Comme les étoiles ne sont pas réparties de façon homogène au sein de la Voie Lactée, il est nécessaire de prendre en compte la densité stellaire dans les calculs. Ainsi, comme il y a beaucoup plus d’étoiles au centre de la galaxie, la menace liée aux sursauts gamma est supérieure dans cette région. Sachant que 25% des étoiles de la Voie Lactée se trouvent à une distance de 2kpc (kiloparsecs ; 1 parsec= 3,2616 années-lumière ; 1 année-lumière étant la distance parcourue par la lumière en 1 année) du centre de la galaxie, il y a une probabilité de 95% pour qu’un sursaut gamma de 100kJ/m2 ait eu lieu cours du milliard d’années passées.
Les calculs montrent qu’il y a une probabilité de 95% pour qu’un événement de densité d’énergie de 1000kJ/m2 ait eu lieu dans un rayon de 12kpc et qu’un événement de 10kJ/m2 dans un rayon de 0,5kpc. Il apparaît ainsi que c’est dans une petite zône dans la périphérie de notre galaxie que la vie a le plus de chances d’apparaître et d’être préservée.

Et ailleurs dans l’univers ?
 

Sous les mêmes hypothèses que précédemment, et à partir des connaissances actuelles sur la composition de l’Univers et des galaxies qui le composent (densité, metallicité), il apparaît que les régions les plus sûres pour permettre à la vie de se développer sont les régions les moins denses situées à la périphérie de certaines grandes galaxies représentant environ seulement 10% des galaxies.
Il apparait donc d’après les derniers résultats obtenus par les professeurs Piran et Jimenez qu’à cause de la puissance et la fréquence de ces sursauts gamma, il est quasiment impossible à la vie (telle que nous la connaissons sur Terre) de se développer ailleurs dans l’univers. 

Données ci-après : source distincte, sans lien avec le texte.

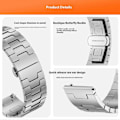 Miniatyrbillede 4 af 5: Titanium Alloy Armbånd til Huawei Watch GT 5 Pro / GT 5 / GT 4 46mm Universal 22mm Metal Rem - B Multicolor Multicolor Titanium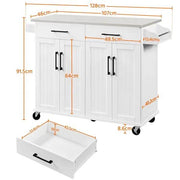 Yaheetech Stainless Steel Top Rolling Kitchen Island Cart Kitchen Trolley Stainless Steel Top Rolling Kitchen Island Cart Kitchen Trolley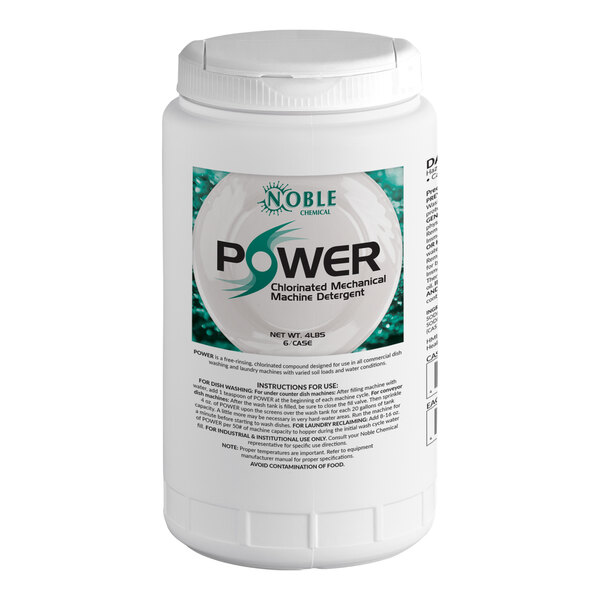 Noble 4 lb. / 64 oz. Power Machine Concentrated Dishwasher / Laundry Detergent - 6/Case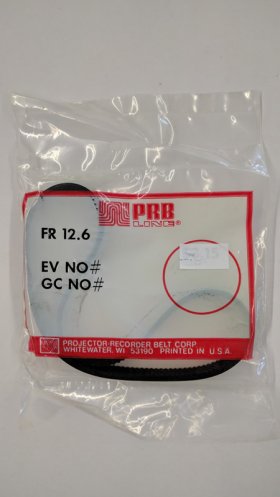 FR12.6 Flat Rubber Belt 12.6" IC, .342" CS, .112" Wall Thickness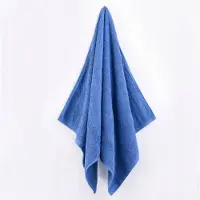 York Kleine Blauwe Katoenen Handdoek 30x50 cm - Zacht & Absorberend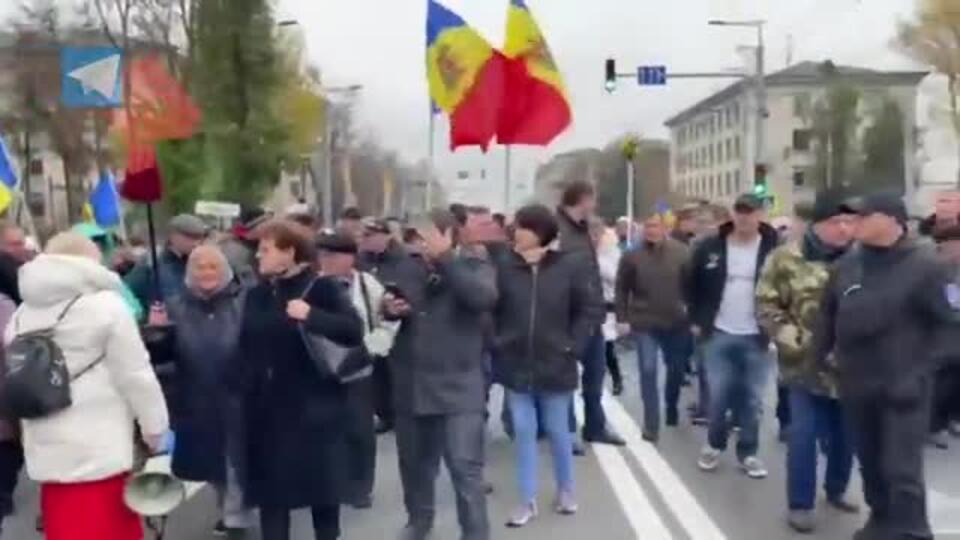 В Молдавии снова проходят протесты против правительства Санду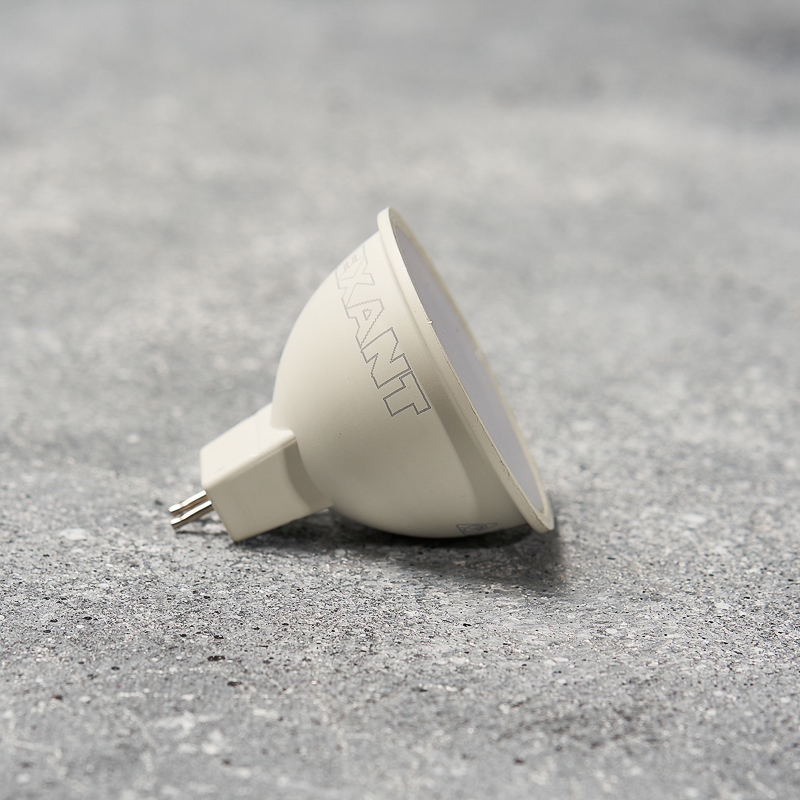 Лампа светодиодная "rexant" рефлектор-спот gu5.3  9,5w 2700 k 760 лм, тепл. свет (10/100) 604-051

Tsvi Piran en quelques mots

Tsvi Piran obtient sa licence de physique de l’Université de Tel Aviv en 1970. Il poursuit ensuite ses études en se spécialisant en astrophysique et obtient brillamment son master en astrophysique en 1972. Il reçoit en 1976 le prix Mifal Hapais pour son travail de doctorat portant déjà sur les sursauts gamma. Après sa thèse, il part un an à l’Université d’Oxford avant d’accepter un poste à l’université du Texas à Austin. Il rejoindra ensuite la prestigieuse université de Princeton en 1979, puis reviendra en Israël en 1981 pour intégrer le département de physique de l’université Hébraïque de Jérusalem. Invité par les plus prestigieuses universités américaines (Columbia, Harvard, Princeton), Tsvi Piran a reçu de nombreux prix ou financements nationaux et internationaux.